Larangan Eks Gubernur Jadi Cawagub Kembali Digugat ke MK

Larangan Eks Gubernur Jadi Cawagub Kembali Digugat ke MK

Jakarta, LINews – Larangan terkait mantan kepala daerah menjadi calon wakil kepala daerah di daerah yang sama kembali digugat ke Mahkamah Konstitusi (MK). Kini, gugatan diajukan oleh empat orang warga.
Sebagai informasi, larangan tersebut telah digugat oleh mantan Gubernur Kepulauan Riau (Kepri) Isdianto yang terdaftar dengan nomor perkara 71/PUUXXII/2024. Perkara tersebut sedang diadili di MK.

Selain gugatan dari Isdianto, ternyata ada juga empat warga yang menggugat aturan tersebut. Keempat pemohon adalah John Gunung Hutapea, Deny Panjaitan, Saibun Kasmadi Sirait dan Elvis Sitorus. Gugatan mereka teregistrasi dengan nomor perkara 73/PUU-XXII/2024 dan telah menjalani dua kali persidangan, yakni Senin (15/7/2023) dengan agenda pemeriksaan pendahuluan dan Senin (29/72024) dengan agenda perbaikan permohonan.

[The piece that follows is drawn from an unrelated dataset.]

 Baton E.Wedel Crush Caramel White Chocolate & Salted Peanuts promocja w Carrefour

Pasal yang digugat para pemohon berbunyi:

Pasal 7:
(2) Calon Gubernur dan Calon Wakil Gubernur, Calon Bupati dan Calon Wakil Bupati, serta Calon Walikota dan Calon Wakil Walikota sebagaimana dimaksud pada ayat (1) harus memenuhi persyaratan sebagai berikut:

o. belum pernah menjabat sebagai Gubernur untuk calon Wakil Gubernur, atau Bupati/Walikota untuk Calon Wakil Bupati/Calon Wakil Walikota pada daerah yang sama;

Dalam petitumnya, mereka meminta pasal 7 ayat (2) huruf o UU Pilkada dinyatakan bertentangan dengan Undang-Undang Dasar Negara Republik Indonesia tahun 1945. Mereka menilai pasal itu tidak memberikan ruang dan kesempatan bagi kepala daerah yang telah pernah menjabat untuk berkolaborasi bersama calon kepala daerah baru sebagai kepala daerah dan mantan Kepala Daerah sebagai calon wakil kepala daerah untuk bersama membangun daerahnya.

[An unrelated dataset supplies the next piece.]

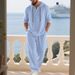 New Autumn Linen Men's Casual Suit - Loose-fitting Hooded Henry Shirt With Long Sleeves And Long Pants Set_viptrois.com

“Belum pernah menjabat sebagai gubernur untuk calon wakil gubernur atau bupati/wali kota untuk calon bupati atau calon wali kota pada daerah yang sama pada ketentuan Pasal 7 ayat (2) huruf o Undang-Undang Pilkada, yaitu melahirkan diskriminasi dan kemudian pada akhirnya mengabaikan hak-hak asasi khususnya para Pemohon, Yang Mulia,” ucap pengacara pemohon, Firman Hasurungan, sebagaimana dilihat dari risalah sidang, Jumat (2/8/2024).

Setelah mendengarkan permohonan, hakim MK pun memberikan nasihat. Wakil Ketua MK Saldi Isra meminta agar berkas permohonan diperbaiki, termasuk penulisan petitum.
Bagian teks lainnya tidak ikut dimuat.